Resident Evil 4 is an upcoming survival horror game developed and published by Capcom. It is a remake of the 2005 video game of the same name, scheduled for release on PlayStation 4, PlayStation 5, Windows, and Xbox Series X/S on March 24, 2023. The game follows United States Strategic Command Special Agent Leon S. Kennedy, who must save the kidnapped Ashley Graham, daughter of the President of the United States, from the mysterious Los Illuminados cult.

Premise 
Six years after the events of Resident Evil 2, United States Strategic Command Special Agent Leon S. Kennedy is sent on a mission to rescue Ashley Graham, daughter of the President of the United States, from a Spanish village controlled by the violent cult of Los Illuminados. Other characters appearing include Ada Wong, Leon's operator Ingrid Hunnigan, the civilian Luis Sera, and the antagonists Bitores Mendez, Ramon Salazar, and Osmund Saddler.

Gameplay 
Resident Evil 4 is a remake of the 2005 game of the same name. It will feature "over-the-shoulder" third-person shooter gameplay similar to the original game, while drawing from the remakes of Resident Evil 2 (2019) and Resident Evil 3 (2020). In an innovative step to the Resident Evil series, Resident Evil 4 will be the first game to offer six optional control schemes, including one that is styled after the control scheme in the original game. Resident Evil 4 features modernized and improved visuals compared to the original, with a tenser atmosphere, improved character designs and enhanced backgrounds.

As in the original game, the player will organize their inventory with an "attache case". The Merchant returns, allowing the player to buy, upgrade, and trade items. He will provide new side quests that may be completed during the main story. In combat, Leon can roundhouse kick enemies to push them away, as well as new parry mechanics which include blocking attacks from a chainsaw with a knife.

Development 
The original Resident Evil 4 was released for the GameCube in 2005. Development of the remake reportedly began around 2018, led by the studio M-Two. Capcom brought the development in-house in early 2021, led by the Division 1 team, with many staff members who worked on the 2019 remake of Resident Evil 2 returning for Resident Evil 4. Following its reveal on June 3, 2022, Capcom stated that it is being developed "by reimagining the storyline of the game while keeping the essence of its direction, modernizing the graphics and updating the controls to a modern standard". Hirabayashi claims the remake will have the same length as the original Resident Evil 4.

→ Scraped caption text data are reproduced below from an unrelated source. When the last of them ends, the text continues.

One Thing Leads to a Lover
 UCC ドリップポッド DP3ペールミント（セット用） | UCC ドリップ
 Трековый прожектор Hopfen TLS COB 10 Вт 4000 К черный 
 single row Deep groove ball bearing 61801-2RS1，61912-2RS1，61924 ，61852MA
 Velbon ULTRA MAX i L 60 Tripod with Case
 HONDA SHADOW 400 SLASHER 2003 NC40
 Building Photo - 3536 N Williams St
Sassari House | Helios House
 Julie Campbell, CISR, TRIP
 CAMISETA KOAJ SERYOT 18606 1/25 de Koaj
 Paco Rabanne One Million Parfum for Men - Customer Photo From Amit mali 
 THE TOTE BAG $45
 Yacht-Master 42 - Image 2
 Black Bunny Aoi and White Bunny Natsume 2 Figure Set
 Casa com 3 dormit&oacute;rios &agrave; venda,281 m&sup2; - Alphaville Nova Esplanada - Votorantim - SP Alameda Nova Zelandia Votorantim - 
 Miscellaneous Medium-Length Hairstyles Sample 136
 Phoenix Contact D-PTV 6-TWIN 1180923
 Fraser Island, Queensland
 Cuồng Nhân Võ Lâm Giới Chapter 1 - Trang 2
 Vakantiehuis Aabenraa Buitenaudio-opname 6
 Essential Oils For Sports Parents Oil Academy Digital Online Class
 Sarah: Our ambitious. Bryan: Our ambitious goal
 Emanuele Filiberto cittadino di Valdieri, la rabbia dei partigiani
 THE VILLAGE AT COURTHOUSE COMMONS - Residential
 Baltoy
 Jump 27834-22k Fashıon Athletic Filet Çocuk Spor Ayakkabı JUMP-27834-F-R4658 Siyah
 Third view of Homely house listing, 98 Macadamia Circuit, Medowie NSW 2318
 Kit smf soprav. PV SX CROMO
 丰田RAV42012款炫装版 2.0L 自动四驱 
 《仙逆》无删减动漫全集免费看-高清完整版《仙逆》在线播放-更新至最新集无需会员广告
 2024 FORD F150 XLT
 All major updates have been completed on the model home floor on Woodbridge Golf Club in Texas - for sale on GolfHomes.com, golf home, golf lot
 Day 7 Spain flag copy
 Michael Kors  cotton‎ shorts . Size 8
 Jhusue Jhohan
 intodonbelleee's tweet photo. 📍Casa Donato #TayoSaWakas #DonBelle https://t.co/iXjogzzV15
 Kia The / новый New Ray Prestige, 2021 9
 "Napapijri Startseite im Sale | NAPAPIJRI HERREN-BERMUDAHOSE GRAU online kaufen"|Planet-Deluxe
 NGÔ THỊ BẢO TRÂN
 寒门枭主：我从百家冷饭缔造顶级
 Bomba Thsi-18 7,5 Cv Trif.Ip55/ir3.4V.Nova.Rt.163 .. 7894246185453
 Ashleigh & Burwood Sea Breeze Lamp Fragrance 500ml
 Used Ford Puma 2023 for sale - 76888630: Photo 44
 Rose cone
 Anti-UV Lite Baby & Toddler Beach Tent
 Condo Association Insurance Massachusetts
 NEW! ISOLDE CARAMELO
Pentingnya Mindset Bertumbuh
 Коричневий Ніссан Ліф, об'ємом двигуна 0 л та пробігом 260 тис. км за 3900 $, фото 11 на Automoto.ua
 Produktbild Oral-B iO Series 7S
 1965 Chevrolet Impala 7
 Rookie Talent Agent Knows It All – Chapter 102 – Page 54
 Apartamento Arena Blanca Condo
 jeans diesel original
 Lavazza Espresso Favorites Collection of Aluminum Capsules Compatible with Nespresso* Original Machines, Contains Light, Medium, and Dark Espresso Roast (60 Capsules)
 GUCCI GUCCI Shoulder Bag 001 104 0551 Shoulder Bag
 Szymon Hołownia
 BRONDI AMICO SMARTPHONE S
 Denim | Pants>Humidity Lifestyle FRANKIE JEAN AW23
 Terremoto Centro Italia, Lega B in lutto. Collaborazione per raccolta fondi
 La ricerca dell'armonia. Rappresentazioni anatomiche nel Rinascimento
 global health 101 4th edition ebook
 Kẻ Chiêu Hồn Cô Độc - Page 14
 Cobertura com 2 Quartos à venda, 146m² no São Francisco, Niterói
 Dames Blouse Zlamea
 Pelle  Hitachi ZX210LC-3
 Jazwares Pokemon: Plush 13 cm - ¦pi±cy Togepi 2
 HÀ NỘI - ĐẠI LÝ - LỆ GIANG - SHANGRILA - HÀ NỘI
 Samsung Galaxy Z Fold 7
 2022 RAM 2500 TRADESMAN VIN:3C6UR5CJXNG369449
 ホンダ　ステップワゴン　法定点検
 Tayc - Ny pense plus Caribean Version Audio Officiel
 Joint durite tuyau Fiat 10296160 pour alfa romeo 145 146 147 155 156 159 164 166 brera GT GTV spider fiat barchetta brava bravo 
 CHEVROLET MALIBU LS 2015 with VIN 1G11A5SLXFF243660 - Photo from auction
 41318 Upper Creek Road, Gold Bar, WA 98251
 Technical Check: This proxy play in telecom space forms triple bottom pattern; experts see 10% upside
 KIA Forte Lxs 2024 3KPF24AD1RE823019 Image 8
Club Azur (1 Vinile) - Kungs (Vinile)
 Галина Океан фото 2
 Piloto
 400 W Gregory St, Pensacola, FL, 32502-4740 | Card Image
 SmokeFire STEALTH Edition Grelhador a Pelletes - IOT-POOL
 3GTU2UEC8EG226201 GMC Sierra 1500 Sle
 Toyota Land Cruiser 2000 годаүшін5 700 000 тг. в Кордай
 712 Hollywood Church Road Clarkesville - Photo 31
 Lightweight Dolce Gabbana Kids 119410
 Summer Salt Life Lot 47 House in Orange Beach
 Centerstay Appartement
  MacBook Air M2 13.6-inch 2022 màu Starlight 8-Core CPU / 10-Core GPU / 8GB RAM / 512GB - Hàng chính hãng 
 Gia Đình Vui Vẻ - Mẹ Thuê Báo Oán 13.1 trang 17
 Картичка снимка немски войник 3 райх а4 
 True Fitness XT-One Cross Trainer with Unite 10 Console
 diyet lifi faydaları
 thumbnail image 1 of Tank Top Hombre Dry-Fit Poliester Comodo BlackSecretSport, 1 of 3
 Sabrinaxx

Producer Yoshiaki Hirabayashi said he found the idea of remaking Resident Evil 4 challenging as a result of its popularity. Kazunori Kadoi and Yasuhiro Anpo, who worked on Resident Evil 2 Remake, are acting as directors. Kadoi is supervising gameplay elements, most notably how to use Leon's knife and its endurance after encounters with the enemies. The set appeal is to give players various ways to complete Resident Evil 4. When it comes to quick time events, Capcom aims to reduce them as much as possible. In keeping with the original game, the briefcase was briefly touched to change weapons quickly. Unlike the original game, Leon can carry multiple knives in his inventory to compensate for their limited durability. The development team was split into three groups that worked in three areas of the game: the village, the castle, and the island. It was revealed by the game director that the island will not be cut from the final version of the game. In keeping with the realism, the characters' facial features were based on real people. Leon's in-game facial features will have Eduard Badaluta's likeness.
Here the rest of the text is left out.